# Buying gasoline in Europe



## desertpilot (Mar 15, 2012)

Did some searches, browsed the wiki, etc...most posts talk about the cost (really expensive) and how much fuel you get with the car (not much), but I didn't see anything about the fuel stations themselves. 

Are there any gasoline brands in Europe to avoid? Is premium fuel clearly discernible from regular unleaded in English -- i.e. octane clearly shown in a 91-93 range number somewhere on the pump? Do they take American credit cards (not chip and pin) outside at the pump, or can I pay with a non-chip/pin card inside? I assume you pump your own fuel everywhere?


----------



## Neutron145 (Dec 31, 2011)

I do not know about which ones to avoid, but there are a lot of Shell stations. The have a super octane with 100. The octane is clearly marked, same as in the US. They take US credit cards without chip and pin. I went inside each time. Remember to check with your credit card company to make sure that they do not charge a fee for international use.


----------



## northeast_3er (Feb 11, 2011)

I don't think any brands are to be avoided. Any of the major brands are fine... the gas you should be using is Super, which is graded at 95 octane. This BTW was what the Welt recommended when I picked up my car. You could also use the 99, but is more expensive.
The number is clearly listed on the pump.
At the majority of gas stations you have to pay inside. In fact, I have not seen anywhere the option for paying at the pump.
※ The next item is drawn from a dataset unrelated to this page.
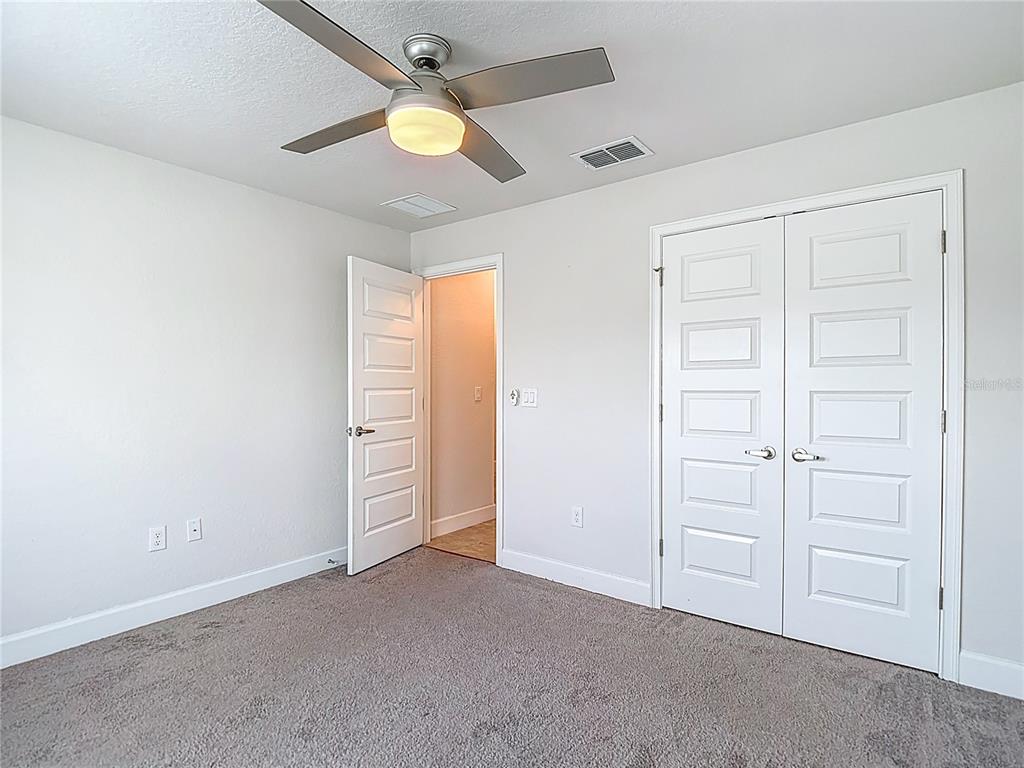 14917 Tropical Violet Way Wimauma, FL 33598 - Photo 38 of 77 an empty room with closet and fan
And yes, most times you pump your own fuel.

I have a chip and signature card that I've used, don't know if they take the regular credit cards, but they should.


----------



## jcs (Dec 25, 2001)

It's hard to answer your questions without knowing where you are going. Europe is a big place.

For example in France, after hours, during lunch, holidays, week-ends, strikes, or nice weather days, the gas station maybe unattended... that's when we had problems with our credit cards. So while in France, fill up every time you have a chance.

In Spain, I've never seen a gas station with self-service. I'm sure they exist, but I've never seen one. On the bright side, they do sell ice cubes... to chill all that white wine you have been buying along the way.


----------



## desertpilot (Mar 15, 2012)

jcs said:


> It's hard to answer your questions without knowing where you are going. Europe is a big place.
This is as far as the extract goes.